I usually write about the great places that Helga and I visit in Europe. However, in November I had the chance to see Martha’s Vineyard in Massachusetts while visiting the American side of my family. These are my reflections.
On May 21, 1602, Bartholomew Gosnold, founder of the Virginia Company of London and leader of the first recorded European expedition to what we now call New England, and his crew of 32, arrived on the shores of an island off the coast of Cape Cod. He observed many vines covering the island and dubbed the place Martha’s Vineyard after his daughter. However, it turned out that the vines were not grape-bearing – so, no vineyards on Martha’s Vineyard.

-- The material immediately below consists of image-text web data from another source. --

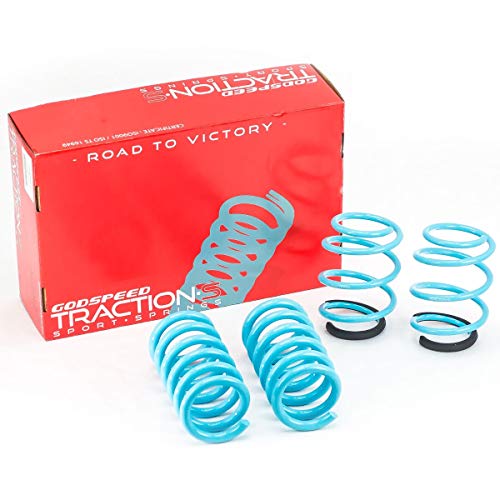 Godspeed LS-TS-FD-0004 Traction-S Performance Lowering Springs, Reduce Body Roll, Improved Handling, Set of 4, compatible with Ford Mustang 2015-22
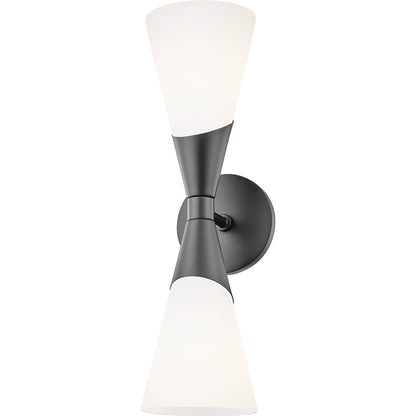 Parker Wall Sconce by Mitzi in black. Made from steel in a modern style.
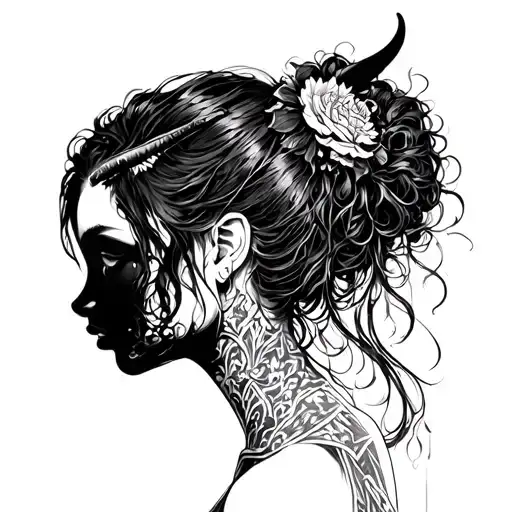 Demon Girl Side Profile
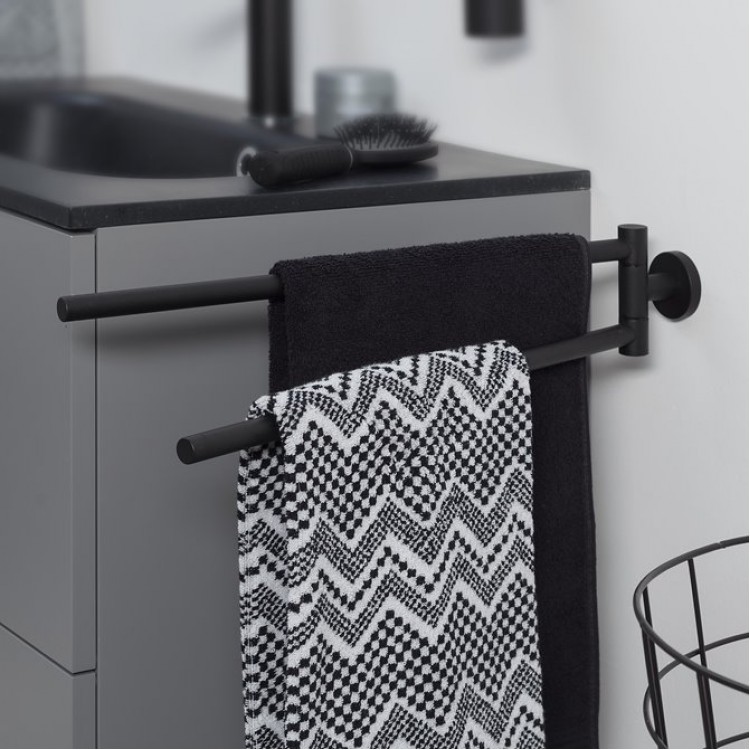 Dvieļu turētājs dubultais Tiger Boston Black, melns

There were lots of Indians though (these days they are called “Native Americans”). The Wampanoag, which means “people of the first light”, were the resident tribe and, although the early settlers brushed them aside, there are still about 100 Wampanoag living in Aquinnah, in the southwest corner of the island.
The island was settled by the white man in 1642, but it wasn’t until the 19th century that whaling brought great wealth. Although remnants of that industry remain, especially around the small fishing village of Menemsha, whaling was effectively killed off by the discovery of petroleum in Pennsylvania in 1859, which provided much cheaper lamp oil. By 1870, whaling in the Vineyard was finished.
The island was ready for its next act: as a secluded picturesque hideaway for A-List people to crash for their summer break.
Today, Martha’s Vineyard, which is only about 4% the size of the Algarve, has a permanent population of about 17,500. This balloons to over 200,000 in July and August. The island is very beautiful, in a rural New England sort of way (as the photos accompanying this article, taken in November, show). It is accessible by car ferry from Woods Hole, three miles away on Cape Cod, and, in season, by plane.
In 1976, the 200th anniversary year of America’s secession from Britain, Martha’s Vineyard (together with a few nearby like-minded islands) seriously tried to secede from Massachusetts, to become either a separate state or a new country.
Beverly Sills, the opera singer who was a summer resident, was quoted as hoping for full and total independence: “If we do secede, I’m putting in my bid for Minister of Culture.” Art Buchwald hoped for foreign aid as an independent nation: “We’ll split it up, of course, and deposit it in numbered Swiss bank accounts.” Several states, including (believe it or not) Kansas, invited the insurrectionists to join them. Unsurprisingly, the secession effort collapsed in ridicule.
Politicians and their families, in particular, flock to the Vineyard in the summer for its relaxed seclusion and privacy, not to mention the long stretches of beautiful sand beaches.
Although their main “compound” is in Hyannis Port on Cape Cod, the Kennedy family has had a long (albeit checkered) association with Martha’s Vineyard. Ted Kennedy, then a 37-year-old Senator, achieved notoriety on July 18, 1969, when he drove off Dike Bridge on Chappaquiddick (the eastern end of the Vineyard), killing his passenger, Mary Jo Kopechne. Almost 30 years to the day later, John Kennedy Jr. crashed his plane just off Martha’s Vineyard on July 16, 1999, killing himself, his wife and her sister.
On a happier note, Jackie Kennedy Onassis bought the 136-hectare Red Gate Farm, in Aquinnah, in 1979 and, although she died in 1994, the family only sold the property in 2020.
More recently, Bill and Hilary Clinton vacationed on Martha’s Vineyard for five years during Bill’s Presidency. Barack Obama and his family also used the island as their “Summer White House” for several years, staying with friends.
In 2021, Obama bought a 12-hectare waterfront property (for almost $12 million) near the Edgartown Great Pond.
Martha’s Vineyard was in the news recently for a very unusual reason. Ron De Santis, Governor of Florida, shipped two planeloads of Venezuelan immigrants to the island on September 14 unannounced, as a publicity stunt. The strange bit is that the refugees were rounded up in San Antonio, Texas, and flown to Florida in transit to the Vineyard. Of course, local officials took care of the Venezuelans (fortunately the incident was out of season).
A number of movies have been made in Martha’s Vineyard. The most famous of which, “Jaws”, was filmed almost entirely on the island in 1974. Locations included Sylvia Beach and its adjoining bridge (now called “Jaws Bridge”) connecting Oak Bluffs and Edgartown, Edgartown Main St and Menemsha. “Jaws” was the highest grossing film of all time, until “Star Wars” came along, and it kick-started the fantastic directorial career of Steven Spielberg.
If you plan to visit New England, intending to connect with a piece of American history, you should consider spending a few days in Martha’s Vineyard – just not in the summer!